How the shutdown hurt the military

Congress faced a number of bad options last Friday, when government funding expired for the third time this fiscal year.

But lawmakers picked the worst option of all for our military and national security: they decided to let the government shut down.

This decision will be incredibly damaging to our national security and to the men and women who work to keep us safe.

When Secretary of Defense James Mattis discussed on Friday the effects that a shutdown would have on the Department of Defense, he made multiple references to the stoic nature that is required of our warfighters when faced with trying times. All their stoicism will now be tested.

During a government shutdown, employees who are necessary for ensuring the safety of American lives and the protection of property are exempt, and have to continue working. This applies to all of our active-duty military personnel and, according to Mattis, close to half of the civilian employees at the Pentagon.

Everyone else is furloughed and stays home without pay, unless Congress specifically makes provisions for them to be paid. In 2013, Congress made such provisions. But so far, this is not the case in 2018.

It is up to the Pentagon’s senior leadership to determine who continues working and who gets furloughed. This takes time away from all the other critical challenges that the Department of Defense faces.

And decisions like these inevitably cause leadership problems, as furloughed employees wonder why their contributions are less valued than those who are not furloughed.

During a shutdown, most people who work to maintain our ships, airplanes, and tanks will be forced to stop their work, thus further delaying the upkeep that is necessary to return those platforms to action.

Acquisition programs will also be slowed or stopped, as the necessary officials will be absent. Training for reservists and the National Guard will also have to stop. This will undoubtedly add to the current readiness problems that already plague our armed forces.

These are men and women who chose to put on the uniform and risk their lives in defense of the country they believe in.
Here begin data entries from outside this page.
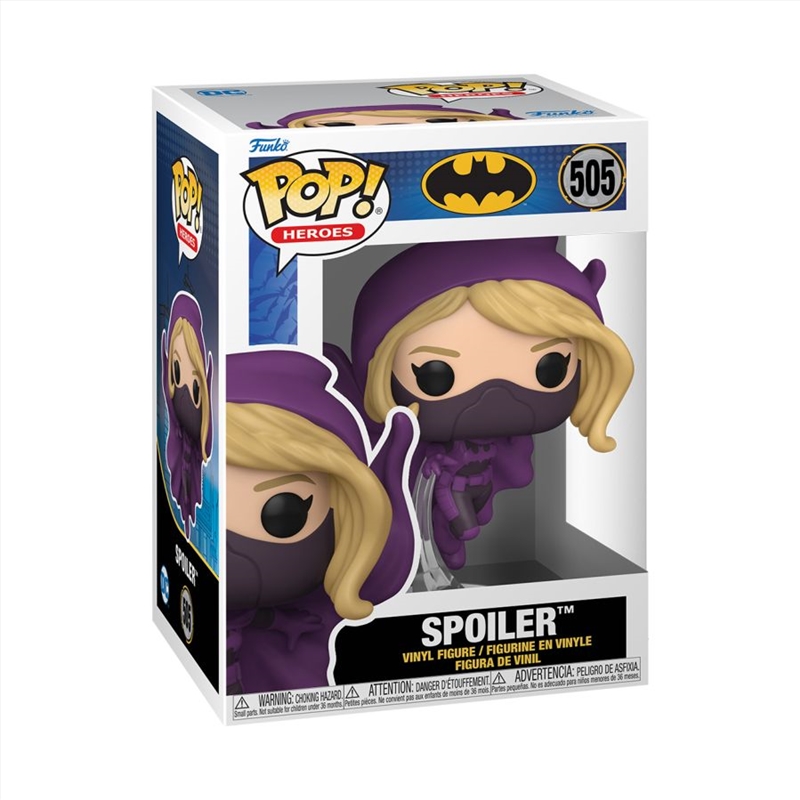 Batman: War Zone - Spoiler "Stephanie Brown" Pop! Vinyl/Product Detail/Standard Pop Vinyl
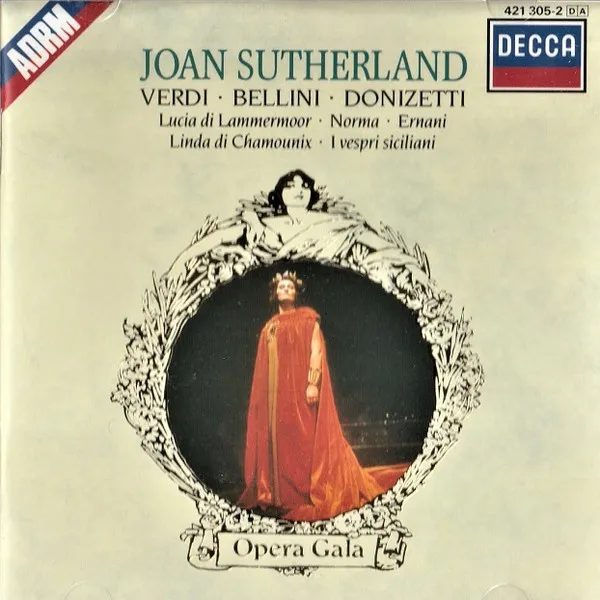 Lucia di Lammermoor • Norma • Ernani • Linda di Chamounix • I Vespri Siciliani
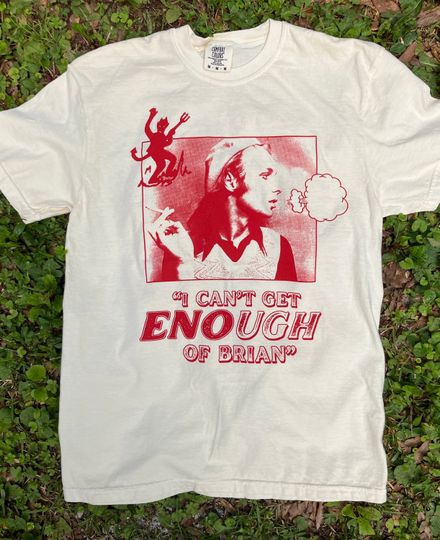 Brian Eno fan art shirt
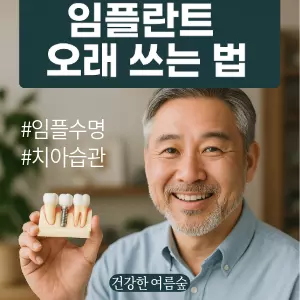 임플란트 수명 늘리는 관리법, 정말 효과 있을까?
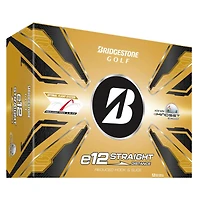 Personalized - e12 Straight Golf Balls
In return, we, as a nation, have allowed their funds to dry up and have asked them to stoically show up to work without access to the resources they need.

All of this, despite the fact that Congress has already agreed on defense spending levels by wide margins.

Ironically, the congressional debate over funding took place on the same day that Mattis unveiled the new national defense strategy to the public. At multiple points, the strategy mentions the need for sustained, predictable, and increased investments in our nation’s armed forces to ensure that we are capable of meeting the challenges we face.

But when Congress decided to let defense funds lapse at the stroke of midnight of Jan. 19, it made sure that a sustained, predictable, and increased defense budget would be even harder to achieve.

Similarly, at the same time Mattis was outlining his vision for the future of our national defense, his deputy, Patrick Shanahan, issued guidance to the Pentagon on how to continue operations during a government shutdown.

Even though that guidance expressed hopeful words that Congress might be able to avoid a funding lapse, those hopes were dashed at midnight on Friday.

Congress has failed the American people and has been unable to fulfill its constitutional duty to provide for the common defense. This failure will be felt most acutely by our men and women in uniform.

It was an entirely avoidable situation, but instead of steering away from the cliff, 49 senators chose to drive right off of it.